**TASK TO CARRY OUT:**
Repeat the data exactly. Pictures stay out.

**GIVEN DATA:**
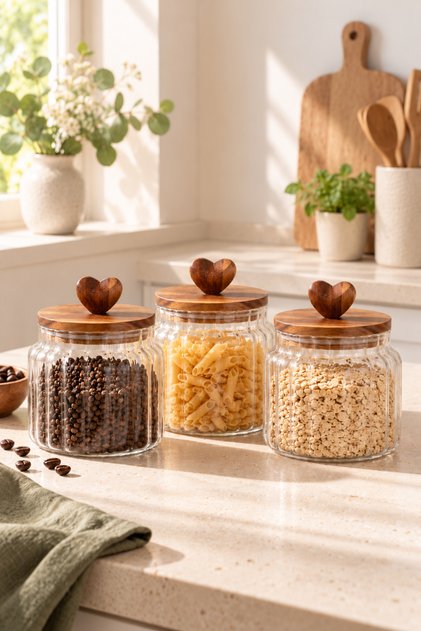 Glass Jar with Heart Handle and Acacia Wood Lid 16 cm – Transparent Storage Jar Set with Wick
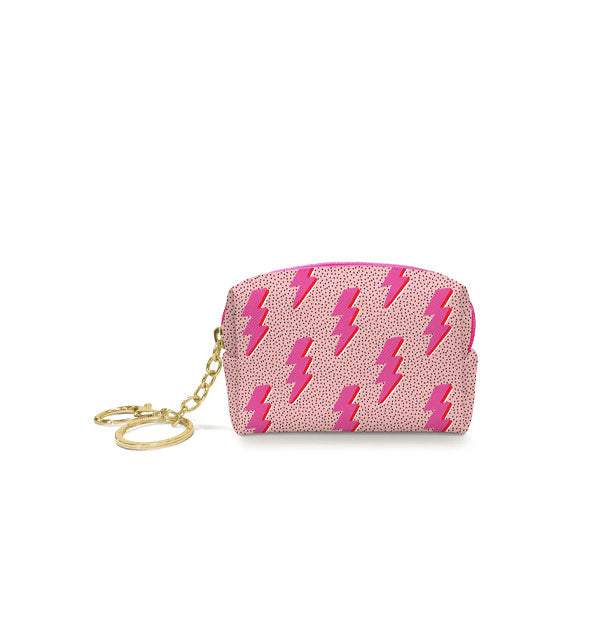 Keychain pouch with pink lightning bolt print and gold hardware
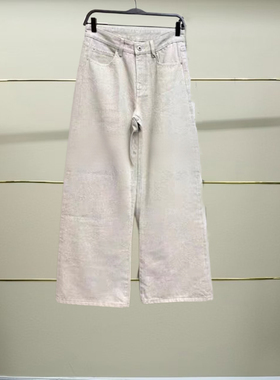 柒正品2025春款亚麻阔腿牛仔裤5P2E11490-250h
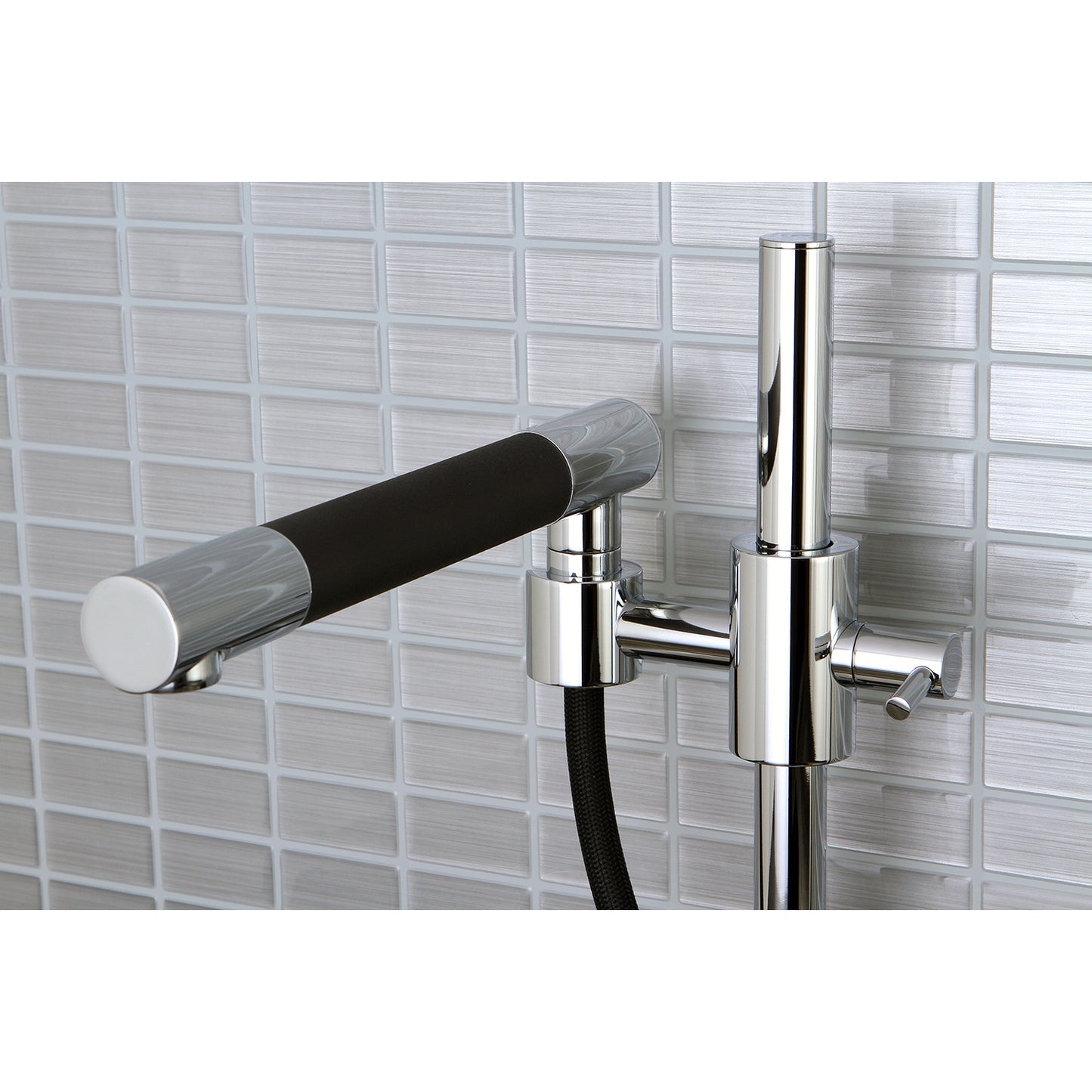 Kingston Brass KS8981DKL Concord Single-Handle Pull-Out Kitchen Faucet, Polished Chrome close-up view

**RESULT:**
 Glass Jar with Heart Handle and Acacia Wood Lid 16 cm – Transparent Storage Jar Set with Wick
 Keychain pouch with pink lightning bolt print and gold hardware
 柒正品2025春款亚麻阔腿牛仔裤5P2E11490-250h
 Kingston Brass KS8981DKL Concord Single-Handle Pull-Out Kitchen Faucet, Polished Chrome close-up view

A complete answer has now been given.